**EXERCISE**
Transcribe the listing below exactly, leaving out each image.

**DATASET EXTRACT**
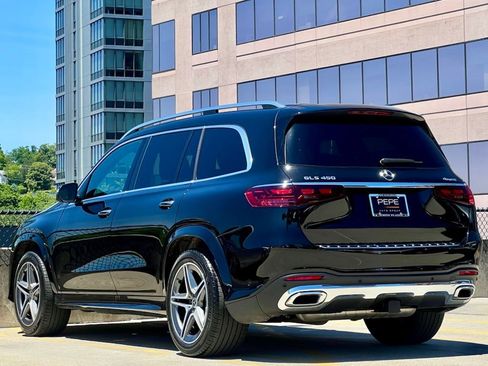Used 2024 Mercedes-Benz GLS 450 4MATIC image 5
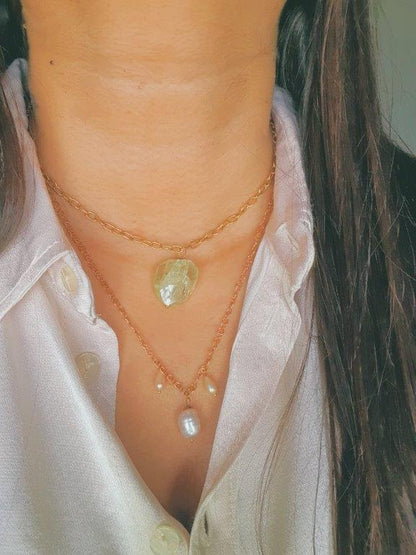 Three pearl chain necklace
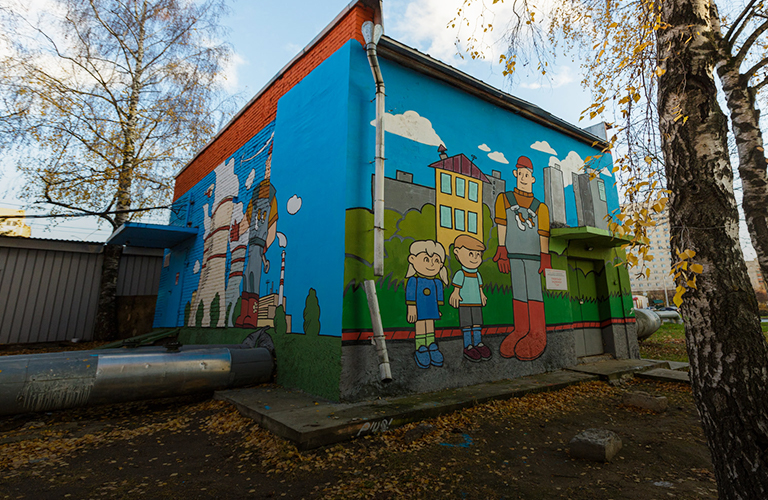 История на развалинах и сказка в подворотне: обзор новых масштабных граффити Владимира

**WORKED SOLUTION**
Used 2024 Mercedes-Benz GLS 450 4MATIC image 5
 Three pearl chain necklace
 История на развалинах и сказка в подворотне: обзор новых масштабных граффити Владимира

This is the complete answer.